Once I got the app approved and received the API keys, setting up the Twitter side of this project actually turned out to be really easy. You can get a batch of 100 tweets (which is the max number of tweets you can get per request on their free API tier), by just running 1 function. I'm using the Twitter NPM package to connect to Twitter's API
const getTweets = (input = {}) => {
const options = {
...input,
tweet_mode: 'extended',
};
return new Promise((resolve, reject) => {
client.get('search/tweets.json', options, (err, tweets, response) => {
if (err) reject(err);
resolve(tweets);
});
});
};
So what I'm doing here is really just accepting the input object which will contain a search query, the count of how many tweets I want, and a tweet ID of where I want to start my search from. I'll get into why this last parameter is necessary a bit later. But then I'm just returning a promise which will resolve when we get a return from Twitter's .get method. This is what actually retrieves the tweets we want to work with.
Once I had the tweets I wanted to work with, I needed to pass them along to something called a sentiment analyzer. This is a tool that can parse text and return basic data on what the text is about, as well as more complex data pertaining to the possible sentiment the person who composed the text holds for the topic they were writing about. This is usually performed by some sort of AI/machine learning service which is capable of deep analysis of each word and how it fits together with the rest of the text. For instance, if someone is writing about a topic that frustrates them, they are more likely to allow that frustration to come across in what they're writing. The sentiment analysis picks up on the word choices and ques and makes a calculation to determine the sentiment behind the statement.
I ended up using AWS Comprehend for my sentiment analysis because I've used their other services in the past and knew how to get up and running relatively easily.
As stated above, AWS Comprehend is a sentiment analysis service that can take in some text and return the sentiment.
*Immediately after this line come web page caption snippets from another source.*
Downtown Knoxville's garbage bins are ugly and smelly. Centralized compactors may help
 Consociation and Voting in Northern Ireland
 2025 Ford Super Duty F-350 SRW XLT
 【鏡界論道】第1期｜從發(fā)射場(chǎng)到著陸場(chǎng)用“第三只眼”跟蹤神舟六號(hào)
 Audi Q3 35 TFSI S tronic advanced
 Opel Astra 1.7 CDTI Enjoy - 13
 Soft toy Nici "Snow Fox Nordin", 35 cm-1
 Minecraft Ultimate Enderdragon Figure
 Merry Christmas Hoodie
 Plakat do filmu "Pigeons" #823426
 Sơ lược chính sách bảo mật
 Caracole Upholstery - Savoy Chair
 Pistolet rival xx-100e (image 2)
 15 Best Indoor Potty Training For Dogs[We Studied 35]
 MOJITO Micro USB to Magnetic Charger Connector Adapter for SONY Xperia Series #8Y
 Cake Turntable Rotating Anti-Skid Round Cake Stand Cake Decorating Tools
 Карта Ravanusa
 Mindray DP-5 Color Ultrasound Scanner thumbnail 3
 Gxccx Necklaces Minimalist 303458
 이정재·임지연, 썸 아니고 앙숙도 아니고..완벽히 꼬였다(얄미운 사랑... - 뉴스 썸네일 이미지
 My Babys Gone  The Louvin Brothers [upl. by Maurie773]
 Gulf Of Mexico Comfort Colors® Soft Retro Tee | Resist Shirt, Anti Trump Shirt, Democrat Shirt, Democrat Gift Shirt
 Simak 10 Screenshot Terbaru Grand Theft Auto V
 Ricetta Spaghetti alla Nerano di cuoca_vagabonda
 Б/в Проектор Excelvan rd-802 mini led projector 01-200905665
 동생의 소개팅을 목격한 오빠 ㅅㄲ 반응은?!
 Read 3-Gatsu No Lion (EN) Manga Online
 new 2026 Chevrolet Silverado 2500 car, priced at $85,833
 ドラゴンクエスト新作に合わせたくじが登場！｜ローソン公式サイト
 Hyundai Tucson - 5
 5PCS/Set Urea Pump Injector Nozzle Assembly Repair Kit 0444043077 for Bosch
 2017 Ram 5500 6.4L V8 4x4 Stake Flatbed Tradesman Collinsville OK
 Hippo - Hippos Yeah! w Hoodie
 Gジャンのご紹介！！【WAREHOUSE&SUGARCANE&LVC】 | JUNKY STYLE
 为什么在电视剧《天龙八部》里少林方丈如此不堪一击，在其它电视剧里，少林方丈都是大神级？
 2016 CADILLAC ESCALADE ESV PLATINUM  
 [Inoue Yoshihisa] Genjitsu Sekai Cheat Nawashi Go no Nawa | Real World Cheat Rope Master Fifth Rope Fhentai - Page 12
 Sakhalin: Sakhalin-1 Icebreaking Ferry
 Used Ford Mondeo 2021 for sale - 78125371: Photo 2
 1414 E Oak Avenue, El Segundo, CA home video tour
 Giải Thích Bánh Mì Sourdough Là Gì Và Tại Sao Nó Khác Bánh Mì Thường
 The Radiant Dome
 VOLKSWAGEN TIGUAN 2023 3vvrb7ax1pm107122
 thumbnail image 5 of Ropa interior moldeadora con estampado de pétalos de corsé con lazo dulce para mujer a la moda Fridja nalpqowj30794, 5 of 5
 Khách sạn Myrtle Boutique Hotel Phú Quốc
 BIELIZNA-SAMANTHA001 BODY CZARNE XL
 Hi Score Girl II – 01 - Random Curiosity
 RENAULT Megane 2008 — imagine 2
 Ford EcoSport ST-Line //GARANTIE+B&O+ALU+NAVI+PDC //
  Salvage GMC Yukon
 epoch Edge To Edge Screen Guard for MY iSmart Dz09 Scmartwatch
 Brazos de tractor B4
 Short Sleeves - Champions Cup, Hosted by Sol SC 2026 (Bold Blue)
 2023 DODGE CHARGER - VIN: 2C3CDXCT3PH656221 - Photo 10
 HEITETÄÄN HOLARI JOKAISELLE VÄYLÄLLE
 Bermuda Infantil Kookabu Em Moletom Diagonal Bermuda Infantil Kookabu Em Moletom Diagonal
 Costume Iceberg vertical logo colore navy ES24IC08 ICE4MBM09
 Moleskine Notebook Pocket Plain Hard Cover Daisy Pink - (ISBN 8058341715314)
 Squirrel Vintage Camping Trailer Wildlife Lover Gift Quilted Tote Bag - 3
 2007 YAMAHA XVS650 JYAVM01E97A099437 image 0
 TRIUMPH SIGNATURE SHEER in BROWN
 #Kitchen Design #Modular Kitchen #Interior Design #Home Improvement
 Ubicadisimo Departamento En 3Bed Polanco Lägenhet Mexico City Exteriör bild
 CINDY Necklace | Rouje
They have a neat demo that displays what you can do with the service on their site. (You need an AWS account to use demo).
As an example of what this project will be doing, let's go through their demo and input some simple strings to get the sentiment!
As you can see in the image, I input the string 'Everything sucks' into the text field and Comprehend was able to parse, analyze, and determine that this statement has a mainly negative sentiment.
Lets change the word 'sucks' to the words 'is cool' and see what Comprehend thinks!
And we get the exact opposite! Comprehend is now able to determine this statement, 'Everything is cool', has mainly a positive sentiment! Lets change things up one more time and see if Comprehend can keep up.
And now with the statement 'Everything is cool, but also not cool at the same time', Comprehend can determine our contradiction and returns a mainly mixed sentiment.
This is what we're going to be on a larger scale. We're going to be passing the tweets we searched for over to Comprehend to get the sentiment data for each one, and average the data together to get sentiment for the entire batch of tweets! This will give us a rough approximation of the public's opinion of whatever we search for.
Setting up Comprehend also turned out to be relatively simple. Once again, only one function that takes in a params object which contains the tweet text as well as the language of the text, which I have set to English as default, and then returns a promise which resolves when the detectSentiment function returns with the sentiment data
const comprehend = new AWS.Comprehend();
const detectSentiment = params =>
new Promise((resolve, reject) => {
comprehend.detectSentiment(params, (err, data) => {
if (err) reject(err);
resolve(data);
});
});
Now all I had to do was put the pieces together, and build out a function to handle the averaging of the sentiment values.
So to start out I made a function called getBatch() which takes in a query string, a tweet ID which I have set to null by default, and a tweet count, which I've set to 100 by default. This function starts by calling the getTweets function from earlier. Then, once the promise resolves it iterates through the returned array and calls detectSentiment on the text of each item in the array. Once the sentiment data gets returned, the data gets saved along with the tweet object to an array that gets returned at the end of the function. You can view the code for this function below.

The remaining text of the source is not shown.